— EXERCISE —
Reproduce the listing exactly. Omit pictures.

***** GIVEN INFORMATION

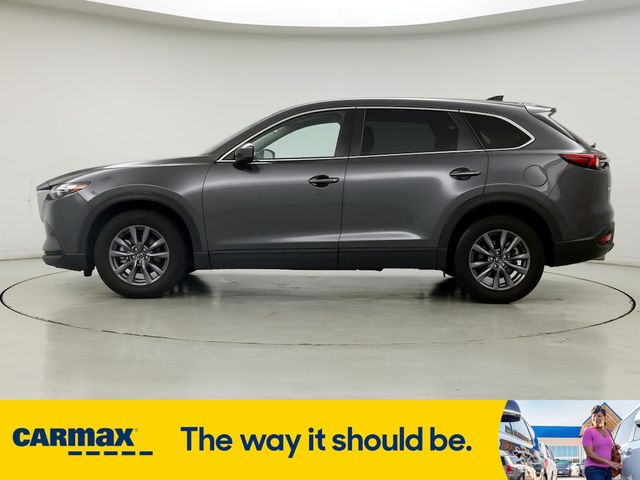 2022 Mazda CX-9 Sport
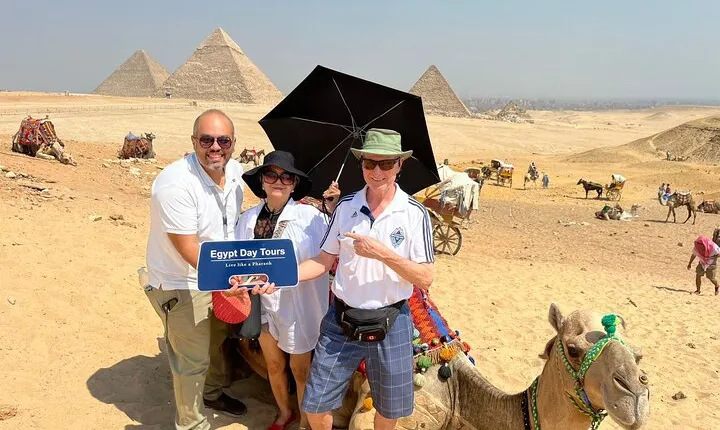 7 Days Egypt Tour Package to Cairo and Nile Cruise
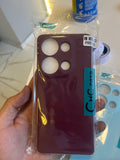 Capinha Redmi note 13 pro 4g , Poco m6 pro 4g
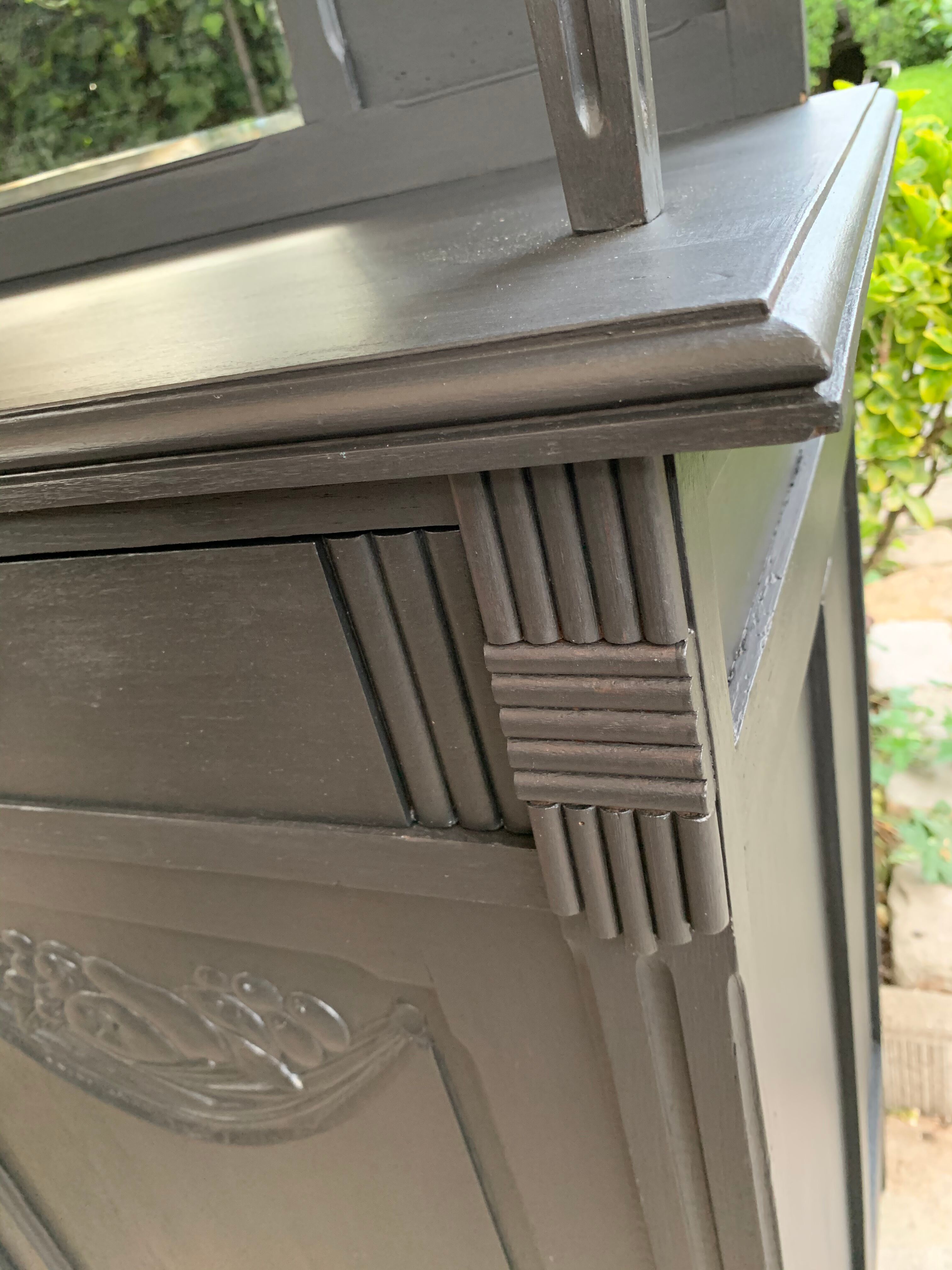Art Deco Parisian buffet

**********

— ANSWER —
 2022 Mazda CX-9 Sport
 7 Days Egypt Tour Package to Cairo and Nile Cruise
 Capinha Redmi note 13 pro 4g , Poco m6 pro 4g
Art Deco Parisian buffet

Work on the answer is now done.